FIRST CUT: Spark first-half profit falls 3.4% as cost of Quantum transformation offsets revenue gain

By Paul McBeth

Feb. 21 (BusinessDesk) - Spark New Zealand's first-half profit fell 3.4 percent as the country's biggest telecommunications company ramped up spending on a new transformation programme aimed at making it the nation's lowest cost operator.

Net profit declined to $172 million, or 9.4 cents per share, in the six months ended Dec. 31, from $178 million, or 9.7 cents, a year earlier, the Auckland-based company said in a statement. The telco's favoured measure, earnings before interest, tax, depreciation and amortisation, slipped 1.7 percent to $463 million as operating costs rose 2.9 percent to $1.36 billion, outpacing a $1.6 percent increase in revenue to $1.82 billion.

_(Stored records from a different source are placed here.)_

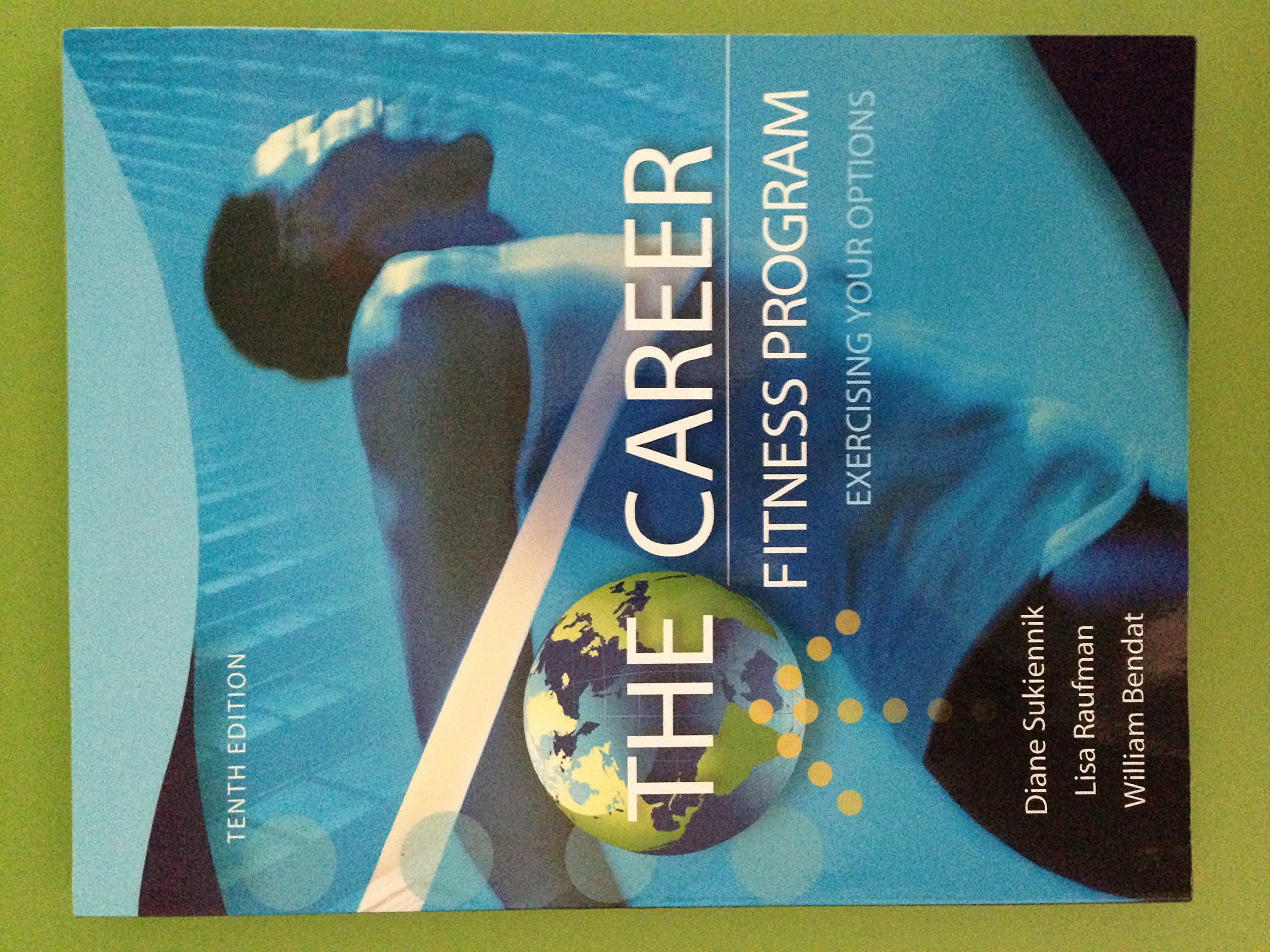 The Career Fitness Program: Exercising Your Options (10th Edition)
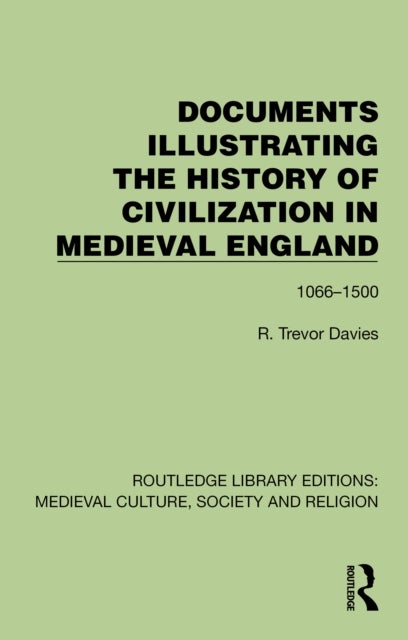 Documents Illustrating the History of Civilization in Medieval England - 1066–1500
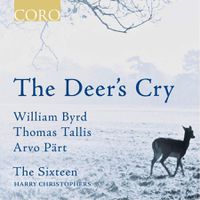 Cover image for The Deer's Cry: The Sixteen sing William Byrd, Thomas Tallis and Arvo Pärt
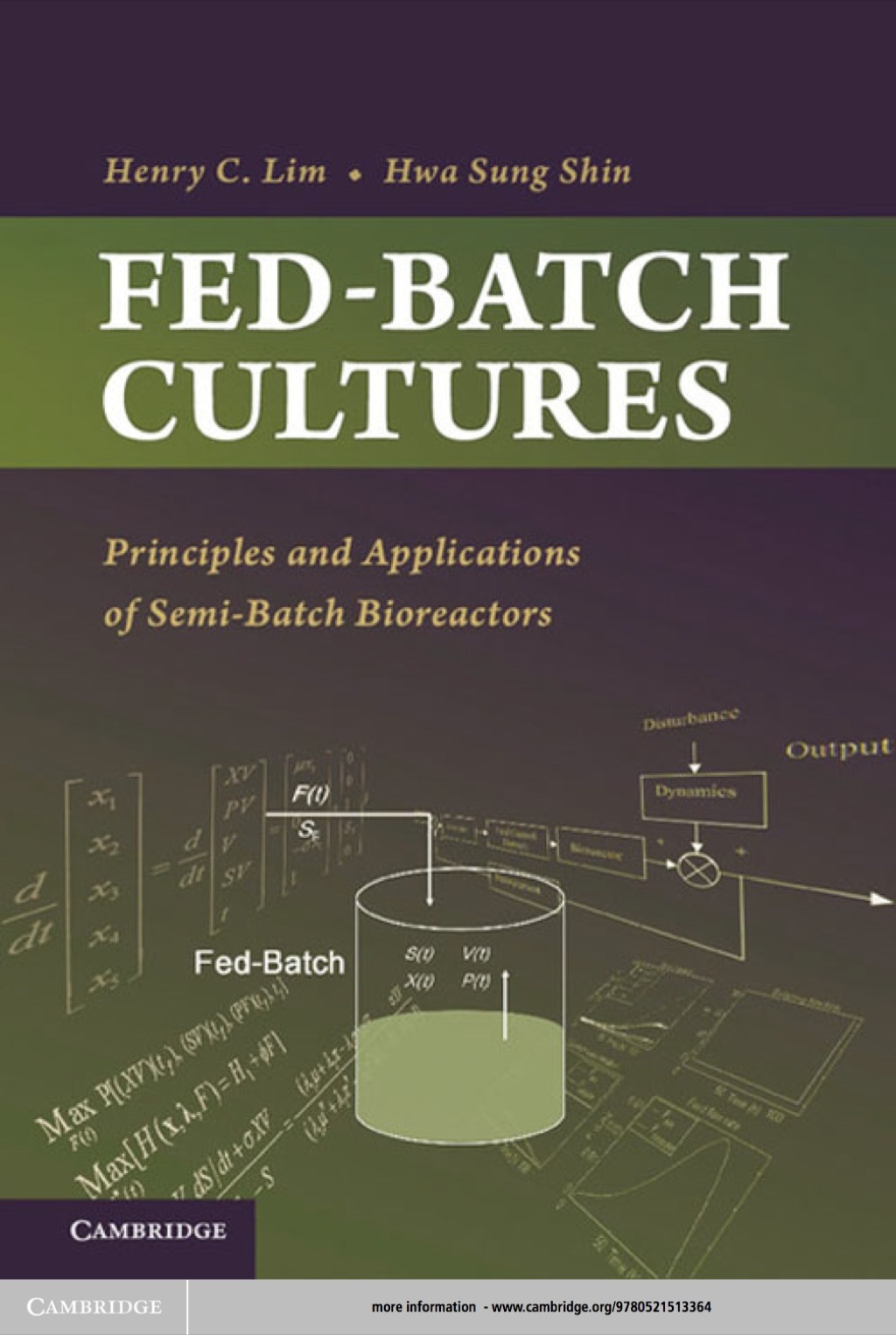 Fed-Batch Cultures Principles and Applications of Semi-Batch Bioreactors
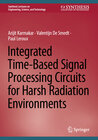 Buchcover Integrated Time-Based Signal Processing Circuits for Harsh Radiation Environments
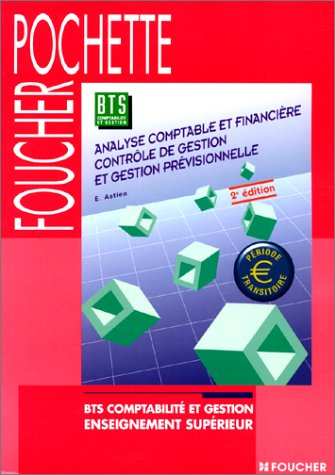 Analyse comptable et financière, contrôle de gestion et gestion prévisionnelle : BTS comptabilité et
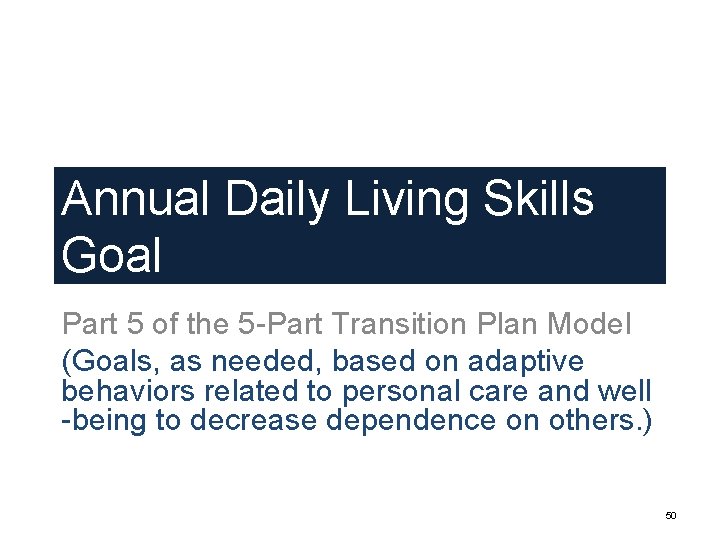 Annual Daily Living Skills Goal Part 5 of the 5 -Part Transition Plan Model Annual Daily Living Skills Goal Part 5 of the 5 -Part Transition Plan Model
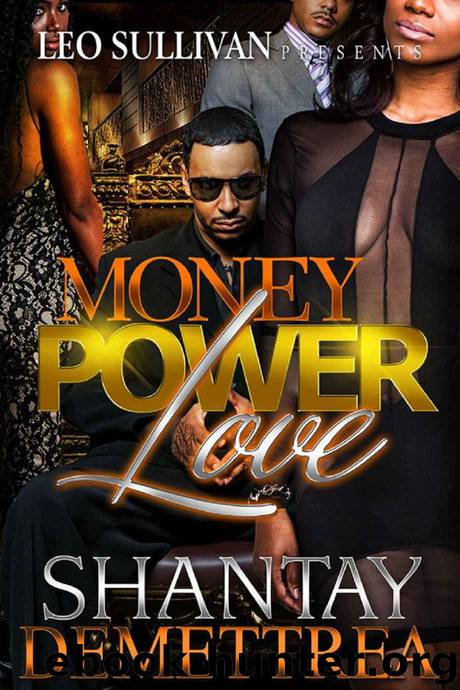 Money, Power and Love by Demettrea & Shantay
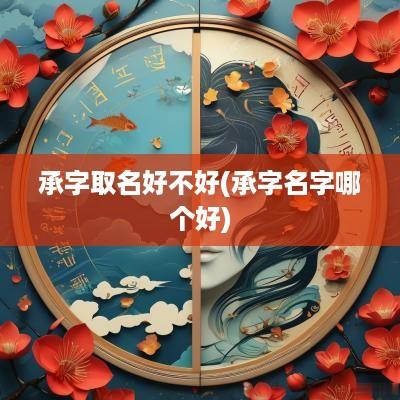 承字取名好不好(承字名字哪个好)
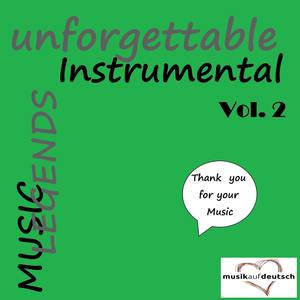 Music Legends - Unforgettable Instrumental, Vol. 2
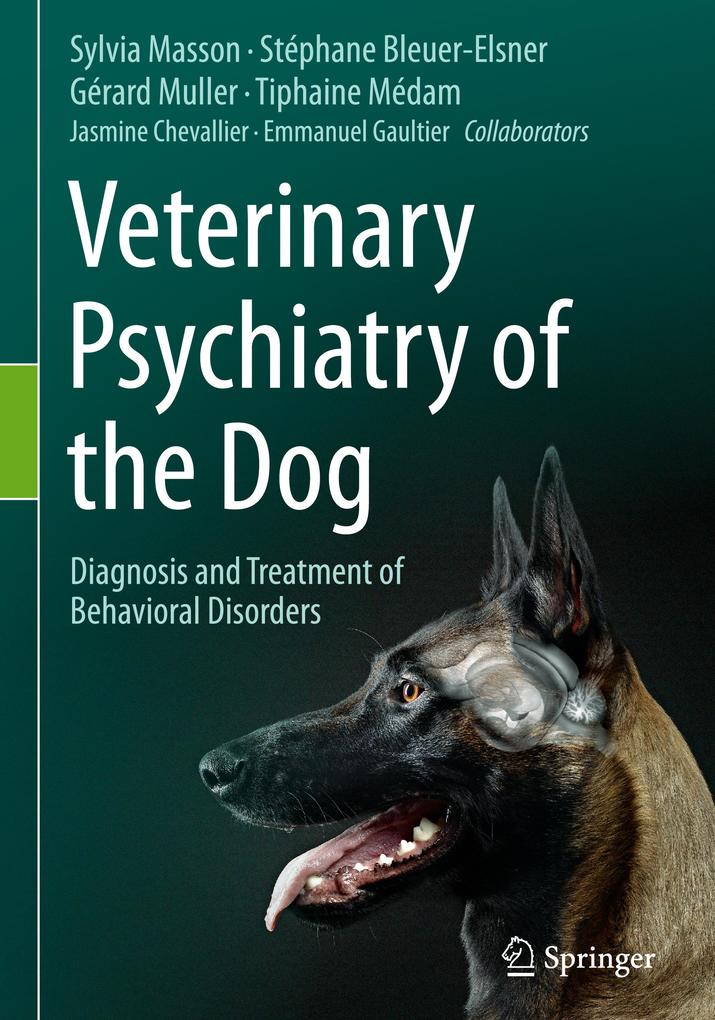 Produktbild: Veterinary Psychiatry of the Dog | Sylvia Masson, Stéphane Bleuer-Elsner, Gérard Muller, Tiphaine Medam, Jasmine Chevallier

The higher costs were led by an 11 percent increase in operating expenses to $282 million, of which an extra $13 million came from the Quantum plan to widen margins through simplification, digitisation and automation, and a $10 million increase in advertising.

“As indicated at the end of the previous financial year, the transformation programme has associated costs of change, and revenue growth over the half was partially offset by $13 million of such costs," chair Justine Smyth said. "As a result, earnings before interest, taxation, depreciation and amortisation (ebitda) over the period declined."

The telecommunications market has been tight for operators in recent years as they vie for customers unwilling to pay too much for broadband. To counter that, Spark has tried to switch customers on to higher margin services such as fibre and wireless.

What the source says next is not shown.